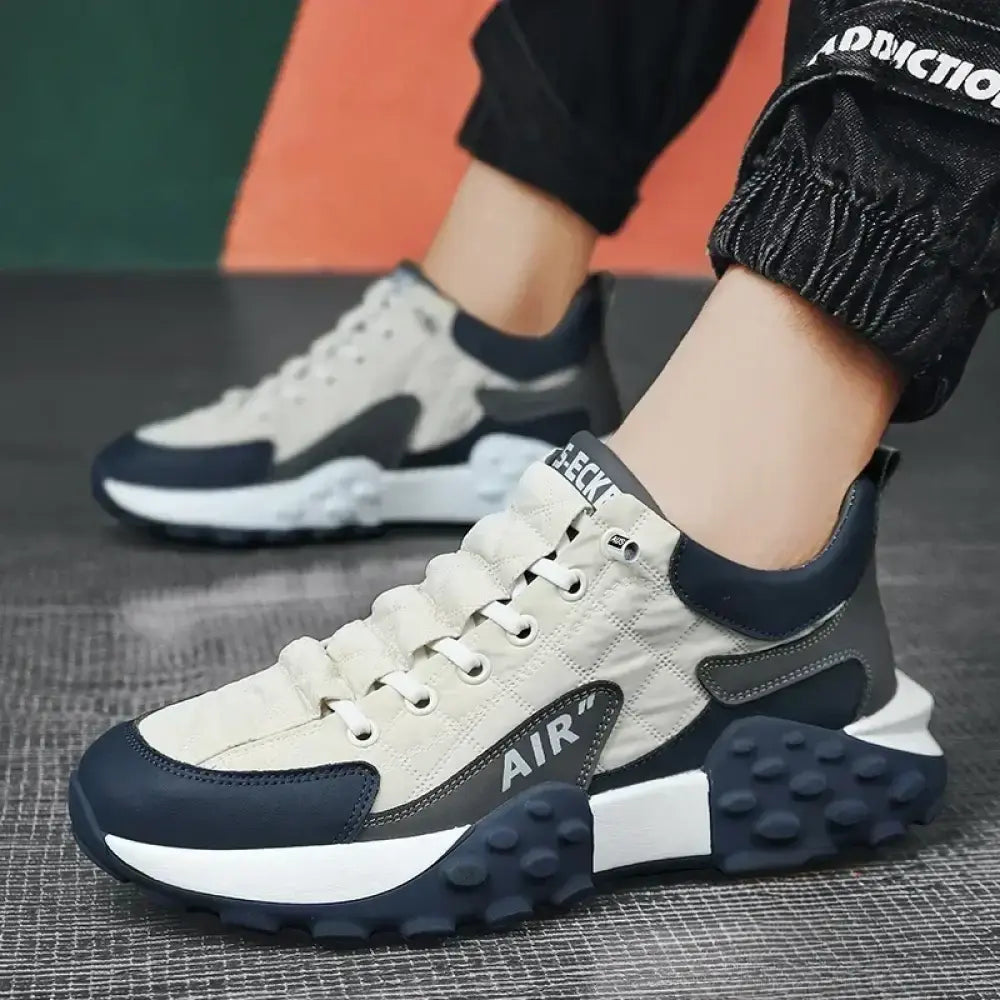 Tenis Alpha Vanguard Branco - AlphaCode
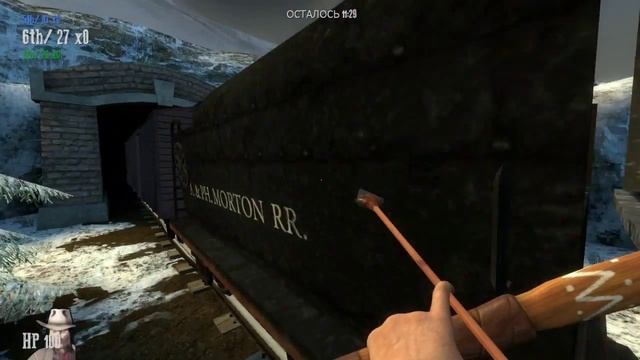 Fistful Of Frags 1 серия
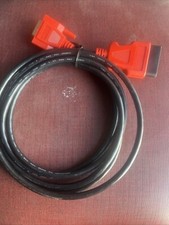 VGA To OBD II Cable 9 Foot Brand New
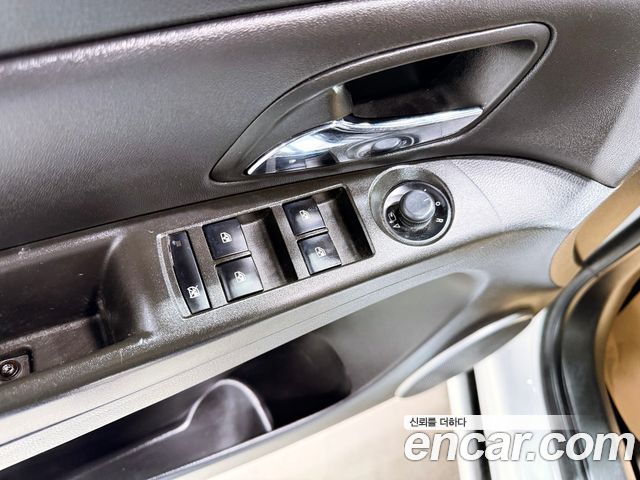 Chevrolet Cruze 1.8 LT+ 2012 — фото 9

**Problem to solve:** The reply must consist of the complete listing, reproduced exactly, with no images.

**Reply:**
 Tenis Alpha Vanguard Branco - AlphaCode
 Fistful Of Frags 1 серия
 VGA To OBD II Cable 9 Foot Brand New
 Chevrolet Cruze 1.8 LT+ 2012 — фото 9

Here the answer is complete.